Since I had the honor of writing to you on the 29 of last month, the two Platteaux, which Mr G. Morris sent from France, have arrived. One of them has received a slight fracture in the corner; but it has injured it very little.1

In my letter of the 22d of may I mentioned that Hercules was to go on to Mount Vernon a few days after that. When he was about to go, somebody, I presume, insinuated to him that the motive for sending him home so long before you was expected there, was to prevent his taking the advantage of a six months residence in this place. When he was possessed of this idea he appeared to be extremely unhappy—and altho’ he made not the least objection to going; yet, he said he was mortified to the last degree to think that a suspicion could be entertained of his fidelity or attachment to you. and so much did the poor fellow’s feelings appear to be touched that it left no doubt of his sincerity—and to shew him that there were no apprehensions of that kind entertained of him, Mrs Washington told him he should not go at that time; but might remain ’till the expiration of six months and then go home—to prepare for your arrival there. He has accordingly continued here ’till this time, and tomorrow takes his departure for Virginia.2

The Gentleman to whom you sold your Kanawa Lands is now in this place, and told me yesterday that he had purchased a Seat called Springsbury situated between Bush Hill & Mr Morris’ farm—and from another quarter I was informed he was to give eight thousand pounds for it with about 65 acres of land. This looks as if there was some confidence placed in him, and is a virtual contradiction of some accounts which I had the honor to transmit to you. He tells me it is his intention to build pretty extensively upon that place, in order to receive & accommodate such French Gentlemen as may come over here with their families to settle in the Western County (of whom he says he expects a considerable number this summer) until the Gentlemen can go out into that Country with their settlers & make such accommodations for their Ladies & children as will prevent those severe inconveniencies which have already been felt by some who have carried their families into the wilderness without having any previous accommodations made for them. He further says that for several years hence he shall find it necessary for him to be nearly half the time in this part of the Country in order to fecilitate the arrangements which he shall make for his settlements, and that this is another cause for becoming a purchaser here. I hope too many plans may not prove injurious to him.3

In a vessel which arrived from Havre de Grace last week was a quantity of wine which Mr Jefferson had ordered for your use & his own. But as he is still out of town it cannot be divided till his return which is expected the latter part of this week.4

We have lately experienced a spell of excessive hot weather for the season. The Thermomiter stood for 5 days between 87 & 90 degrees. Since that time we have been favored with abundant & refreshing showers which have cheered the heart of the farmer and braced up the relaxed frame of the citizen. The prospect of Crops is very pleasing hereabouts. In Jersey the Hessian fly is said again to have made its ravages in the wheat.
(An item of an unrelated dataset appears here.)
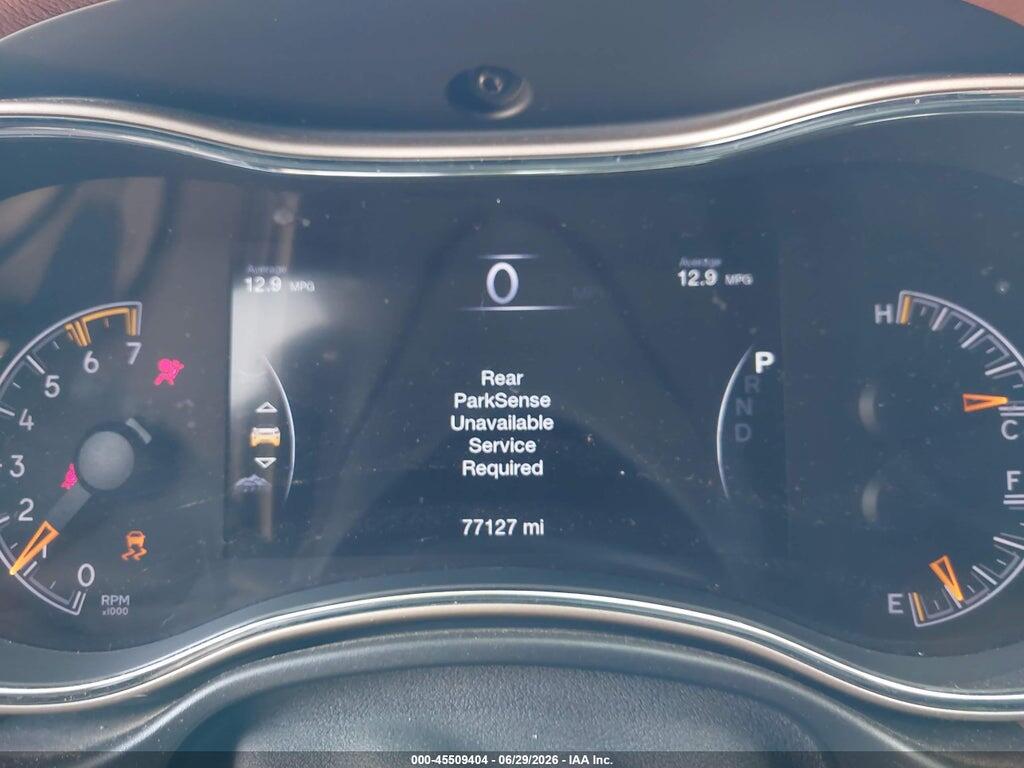 1C4RJFJT3GC368343 2016 JEEP GRAND CHEROKEE photo no. 7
On the 1st Instant, at the request of the Secretary of the Treasury, I delivered to him Commissions filled up with the following persons-—viz.

Drury Ragsdale, as Inspector of the Revenue for Survey No. 1 in the district of Virginia.
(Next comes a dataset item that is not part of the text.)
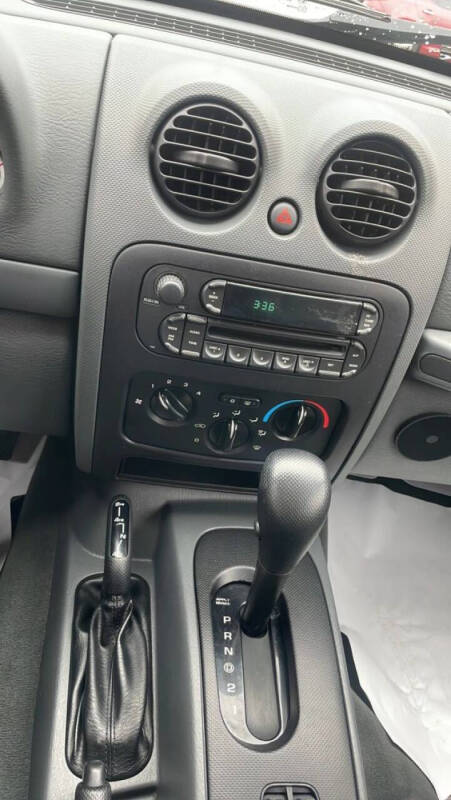 2005 Jeep Liberty Sport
Edward Stevans, as ditto for Survey No. 2. in do.

Mayo Carrington, as ditto for Survey No. 3. in do.

Thomas Newton, as ditto for Survey No. 4. in do.

Edward Smith, as ditto for Survey No. 5. in do.

James Brackenridge, as Inspector for Survey No. 6 in ditto.5

As the Secretary of State was absent when the seal of the United States was affixed to these Commissions they were not countersigned by him as is customary. This, however, does not make them less valid.

Mrs Lear Joins me in sentiments of respect & gratitude for you & sincere prayers for the preservation of your health—and a continuation of your happiness.

Mr Dandridge arrived here yesterday and is this day to be inoculated for the small pox, as a person who has not had it would be unsafe in this City for a single day.6 With the highest respect & most sincere attachment I have the honor to be Sir, Your obliged & grateful servt

Tobias Lear.

ALS, DLC:GW; ALS (letterpress copy), PWacD.

1Gouverneur Morris purchased the two plated table furnishings for GW in Paris and sent them to Robert Morris on 19 Nov. 1790 for delivery (see GW to Gouverneur Morris, 1 Mar., 15 April 1790, and Gouverneur Morris to GW, 22 Nov. 1790, n.1). Tobias Lear paid the duty of $2.66 on them on 30 May 1791 (Decatur, Private Affairs of George Washington, description begins Stephen Decatur, Jr. Private Affairs of George Washington: From the Records and Accounts of Tobias Lear, Esquire, his Secretary. Boston, 1933. description ends 238).

2Lear purchased two new shirts for Herculas on 3 June and gave him at least $7.20 the next day to cover the costs of his stage ride from Philadelphia to Baltimore, his passage from Baltimore to Alexandria, and any other expenses he might incur before reaching Mount Vernon (ibid., 239).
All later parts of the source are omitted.